Walker Morris’ Planning & Environment team provide a brief overview of the Bill’s proposals.


The Government states that the purpose of the Bill is support its ambition to deliver one million new homes, while protecting valued areas (such as Green Belt); ensure the homes and infrastructure the country requires are forthcoming; and radically alter the way that major infrastructure projects are planned for and delivered. The Bill’s headline states: “To support the economic recover, and to create jobs and more apprenticeships, legislation will be introduced to ensure Britain has the infrastructure that businesses need to grow”.

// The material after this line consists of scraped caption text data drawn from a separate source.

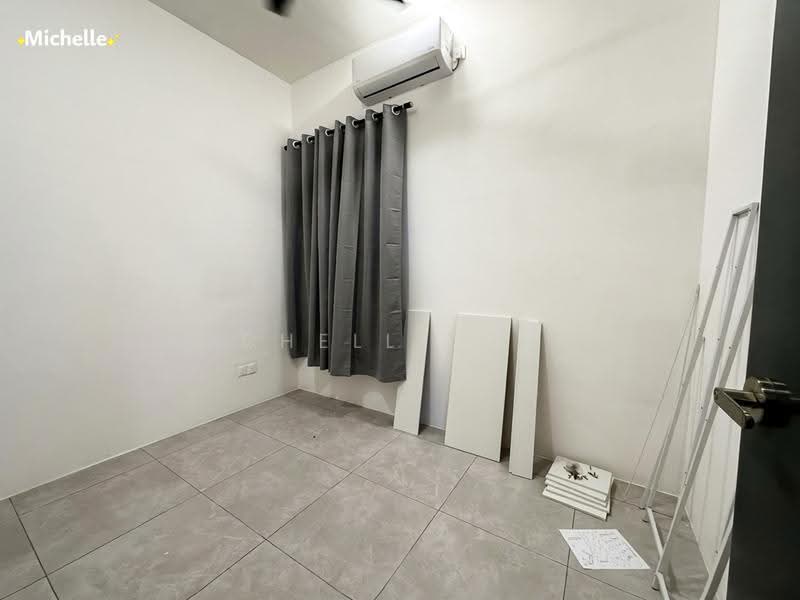 Service Residence for Rent at ASTON ACACIA - Michelle Chia - Interior - PropertyGuru.com.my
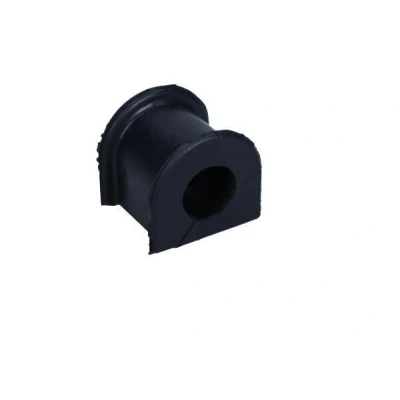 Imagem de MAXGEAR 72 3913 Casquilho da Barra Estabilizadora à frente 22 45 TOYOTA: RAV4 II SUV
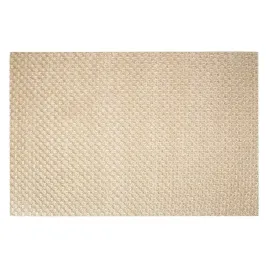 podkladka-na-stol-bezowa-zlota-45x30-cm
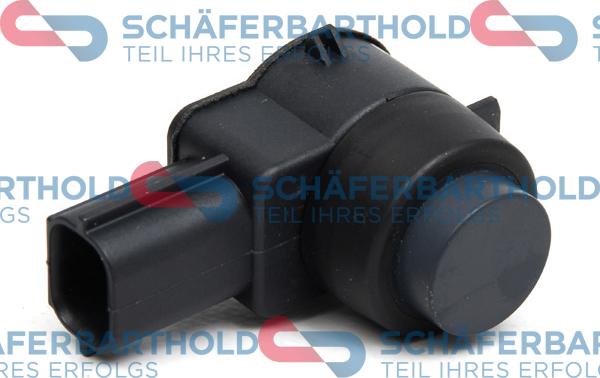 Schferbarthold 412 16 554 01 11 - Capteur, parctronic droxauto.com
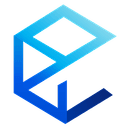 EmpirioLabs AI logo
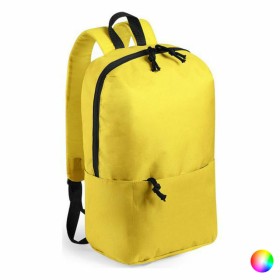 Sac à dos 146343 (23 x 36 x 13,5 cm): Plus de 300.000 produits de grandes marques en vente directe à prix usine sur cadeaufou.co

In a briefing note issued to coincide with the Queen’s Speech, the Government explains the Bill’s main benefits will include:

  • providing greater power for local communities to plan for the homes and infrastructure they require;
  • steering more efficient and effective delivery of housing and infrastructure, with a clearer, faster and fairer process;
  • supporting long-term economic growth via a wide-ranging and independent assessment of the nation’s long-term infrastructure requirements; and
  • helping to delivery the Government’s previous manifesto pledges to deliver new homes and invest over £100 billion  in the country’s infrastructure during this Parliament.

Main Provisions

Neighbourhood Planning
  • To further strengthen neighbourhood planning and give even more power to local people.
  • To give greater power to neighbourhood planning by making the local planning authority duty to support groups more transparent.
  • To improve the process for reviewing and updating neighbourhood plans.
Planning Conditions
  • To ensure that pre-commencement planning conditions are only imposed by local planning authorities where they are absolutely necessary.
  • To tackle the overuse, and in some cases, misuse of certain planning conditions – so as to ensure that development (including new housing) can get underway without unnecessary delay where developments have planning permission but are otherwise being slowed-down or stopped.
Compulsory Purchase
  • To make the compulsory purchase order process clearer, fairer and faster for all those involved.
  • This is to include reform of the context within which compensation is negotiated, which is often a very significant and complex part of finalising a compulsory purchase deal.  This will follow on from proposals that the Government has already consulted upon, to consolidate and clarify over 100 years of conflicting statute and case law.
  • To establish a clear, new statutory framework for agreeing compensation, based on the fundamental principle that compensation should be based on the market value of the land in the absence of the scheme underlying the compulsory purchase.
National Infrastructure Commission
  • To establish the independent National Infrastructure Commission on a statutory basis. The Commission would provide the government with expert, independent advice on infrastructure issues by setting out a clear, strategic vision on the future infrastructure that is needed to ensure the UK economy is fit for 2050.
  • To unlock economic potential across the UK and ensure that growth and opportunities are distributed across the country, boosting productivity and competitiveness through high-quality infrastructure.
Land Registry
  • To bring about privatisation of Land Registry – thereby supporting the delivery of a modern, digitally-based land registration service benefitting customers, such as people buying or selling their home.
  • It is also intended that the Land Registry could return a capital receipt to the Exchequer to help reduce national debt.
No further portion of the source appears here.